> _Instructions for the task_
When the line with "Man standing on" turns up below, begin repeating exactly, and carry on through the line with "imagem em preto"; no pictures go into the copy.

> _Records for processing_
★ ★ ★
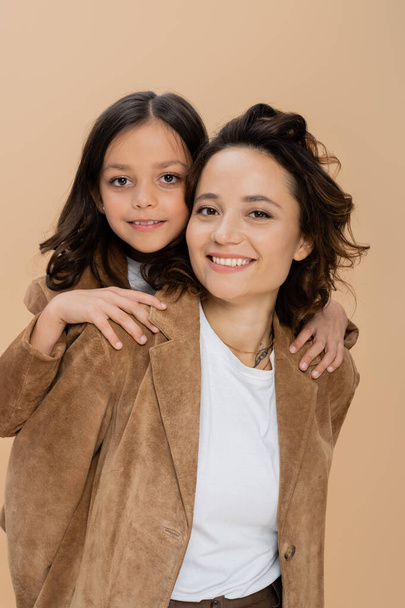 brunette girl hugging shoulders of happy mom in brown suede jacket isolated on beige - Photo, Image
★ ★ ★
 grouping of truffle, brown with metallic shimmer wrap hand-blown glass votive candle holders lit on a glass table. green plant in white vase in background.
★ ★ ★
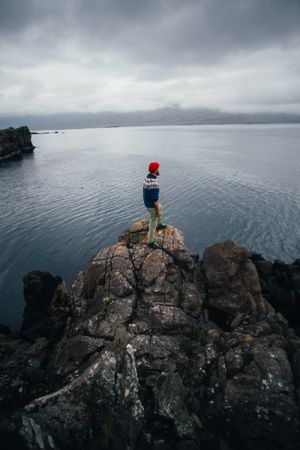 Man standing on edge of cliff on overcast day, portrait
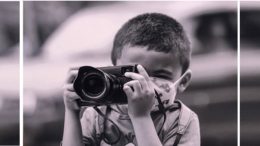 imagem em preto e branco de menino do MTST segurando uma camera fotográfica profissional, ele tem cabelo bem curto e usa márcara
★ ★ ★
> _Task solution_
 Man standing on edge of cliff on overcast day, portrait
 imagem em preto e branco de menino do MTST segurando uma camera fotográfica profissional, ele tem cabelo bem curto e usa márcara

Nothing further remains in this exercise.